[What you need to do]
In the records that follow, find the line containing "een hotelkamer met" and the line containing "Muffaletta bread halves", then transcribe both and every line between them exactly, omitting pictures.

[Source data]

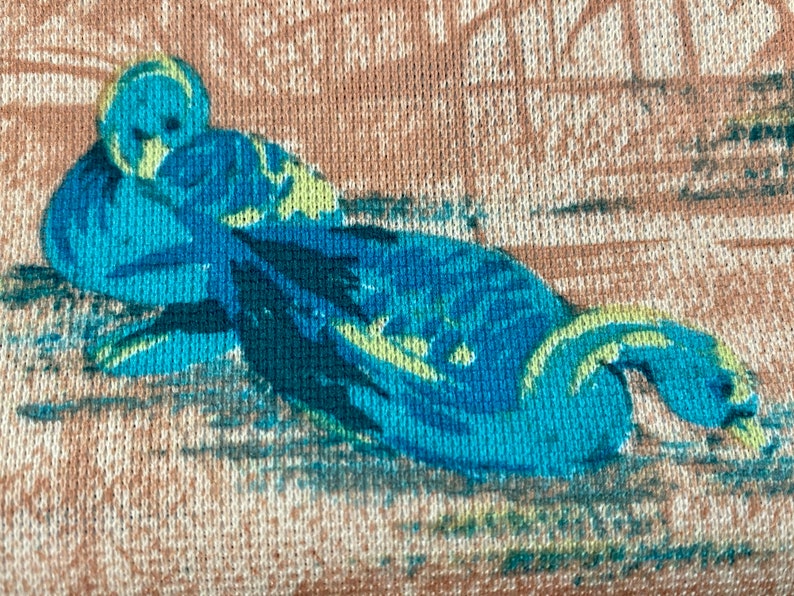May include: A close-up of a blue and green floral pattern on a light brown fabric. The pattern is of a bird with its head tucked under its wing.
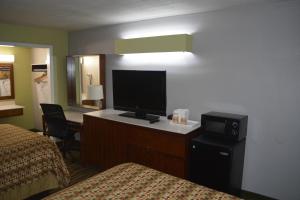 een hotelkamer met een slaapkamer met 2 bedden en een flatscreen-tv bij Jameson Inn Winder in Winder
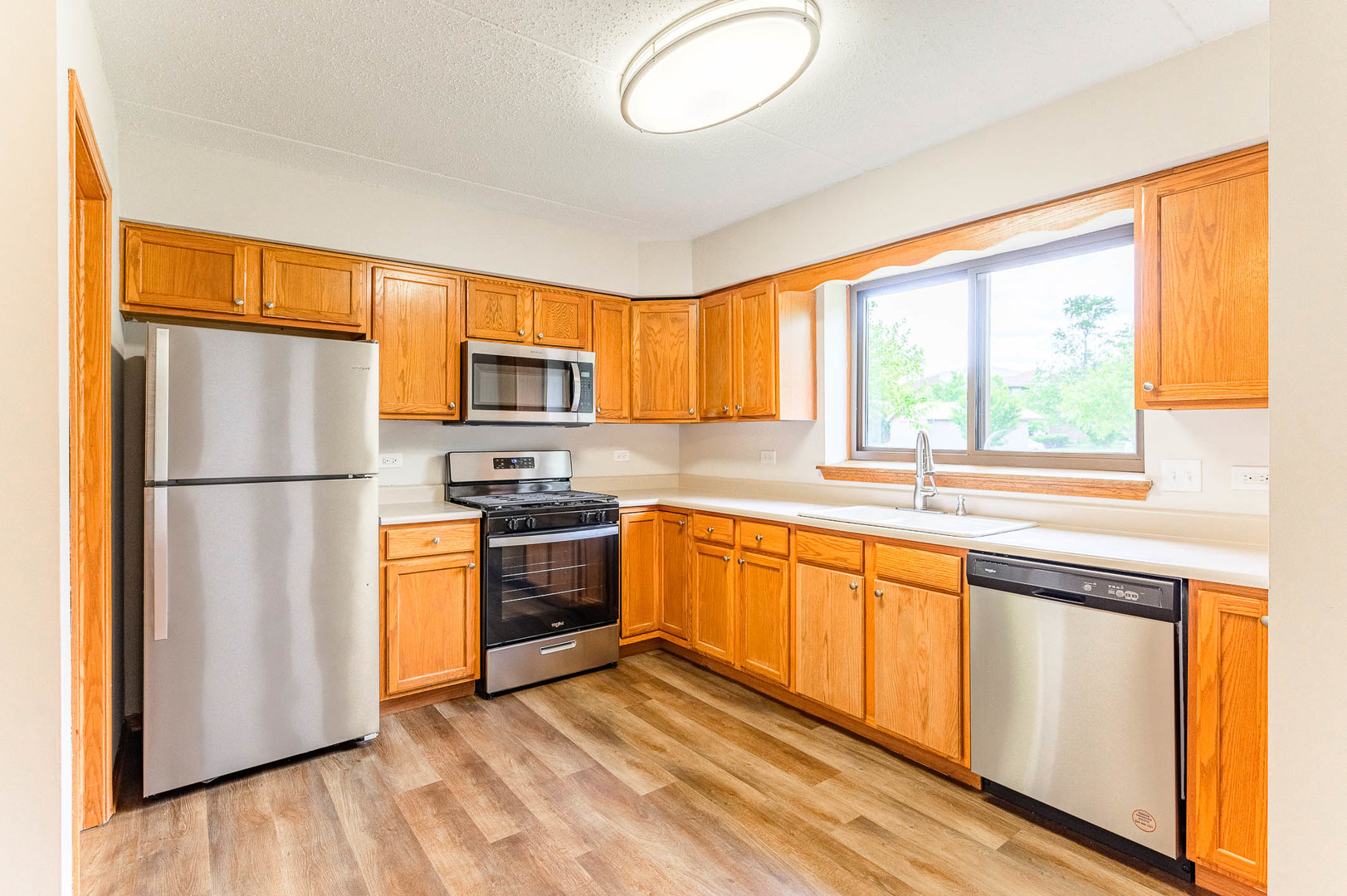 18136 Rita Road, Unit 1D Tinley Park, IL 60477 - Photo 4 of 11 a kitchen with stainless steel appliances granite countertop a refrigerator stove top oven and sink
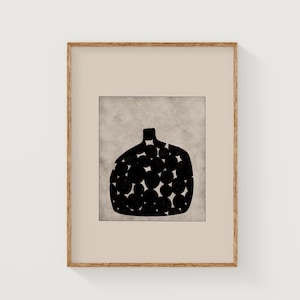 May include: An abstract art print showing a black vase-shaped design filled with circular patterns. The artwork is set against a textured, light grey background and framed in a natural wood frame. The style is minimalist and modern.
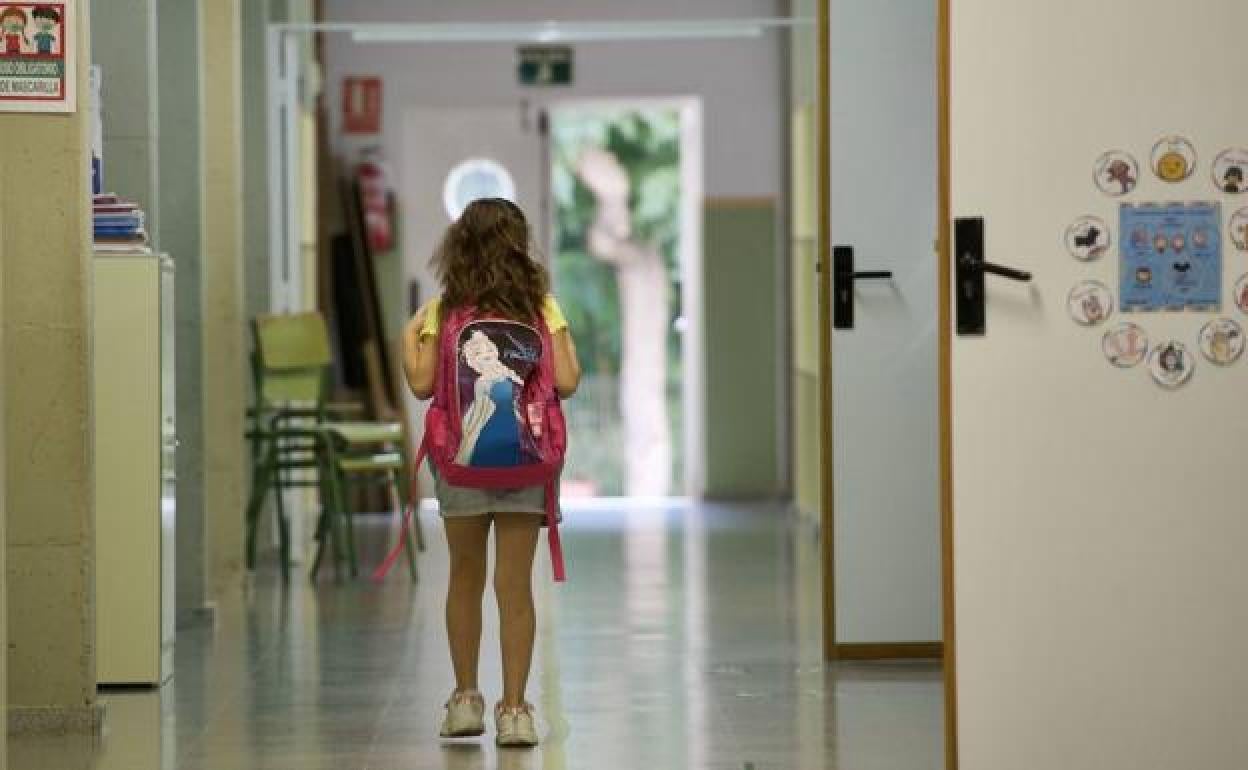 Una niña camina por un pasillo de su colegio, en una fotografía de archivo.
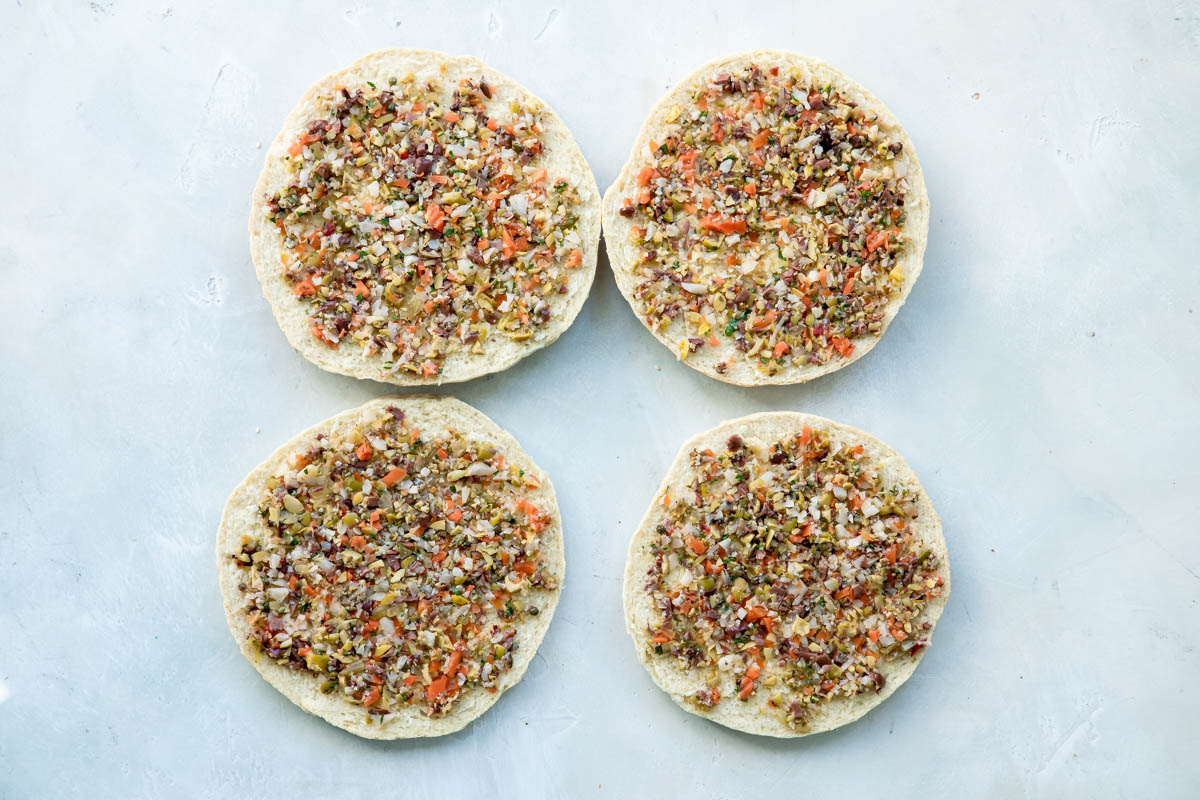 Muffaletta bread halves topped with muffaletta mixture.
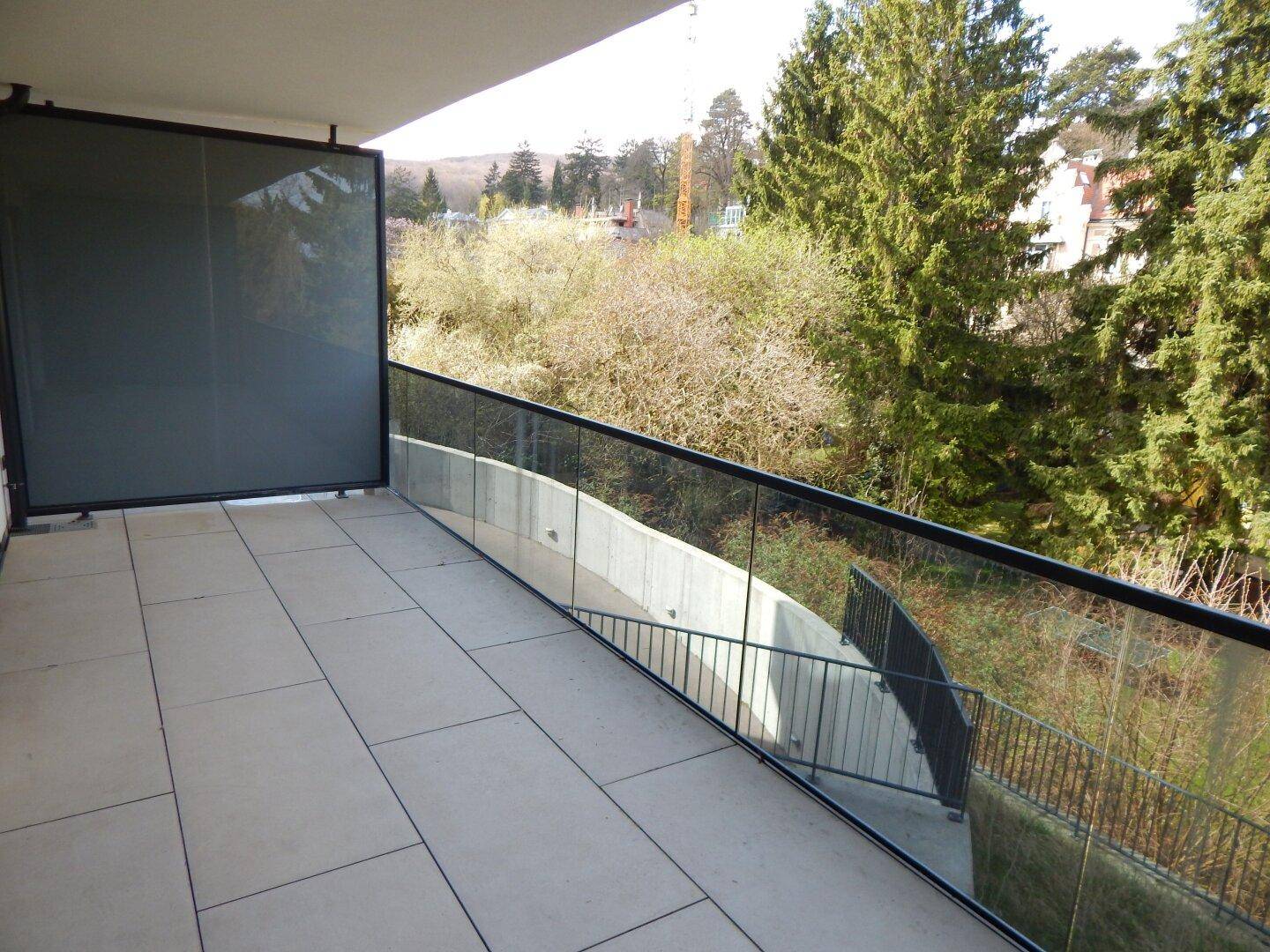 Heller Balkon mit Fliesenboden und schöner Aussicht auf die bewaldete Umgebung und den Horizont.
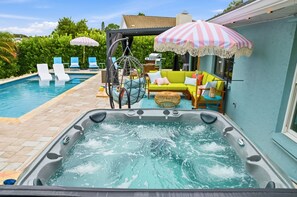 A hot tub with a pool, lounge chairs, and a colorful sofa. - Bradenton Bliss Pool Putt Putt Arcade Games (Bradenton)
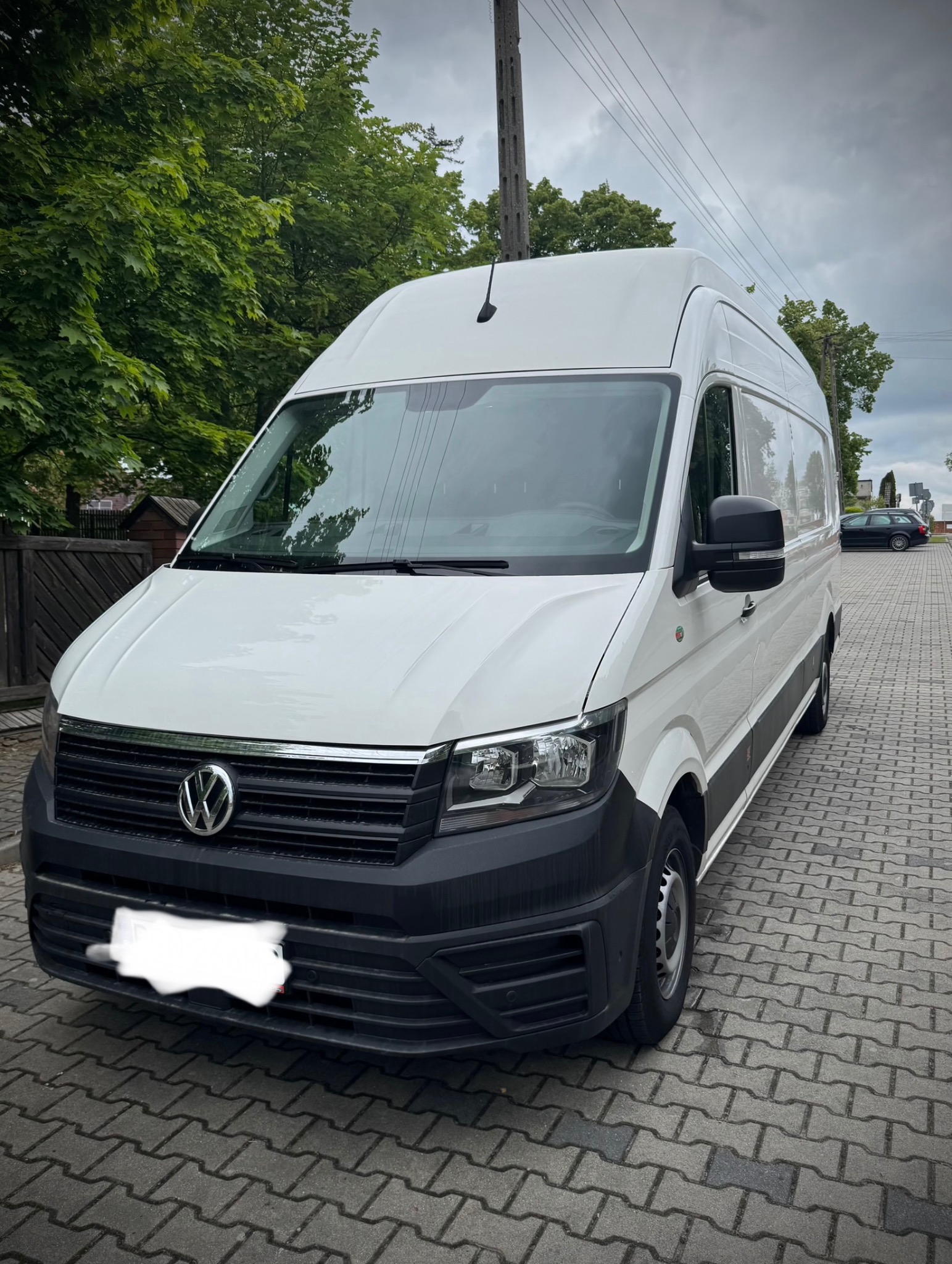 Biały Volkswagen Crafter z wysokim dachem, zaparkowany na brukowanej ulicy, w tle drzewa i słup elektryczny. Auto czeka na załadunek przed przeprowadzką.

[Your response]
 een hotelkamer met een slaapkamer met 2 bedden en een flatscreen-tv bij Jameson Inn Winder in Winder
 18136 Rita Road, Unit 1D Tinley Park, IL 60477 - Photo 4 of 11 a kitchen with stainless steel appliances granite countertop a refrigerator stove top oven and sink
 May include: An abstract art print showing a black vase-shaped design filled with circular patterns. The artwork is set against a textured, light grey background and framed in a natural wood frame. The style is minimalist and modern.
 Una niña camina por un pasillo de su colegio, en una fotografía de archivo.
 Muffaletta bread halves topped with muffaletta mixture.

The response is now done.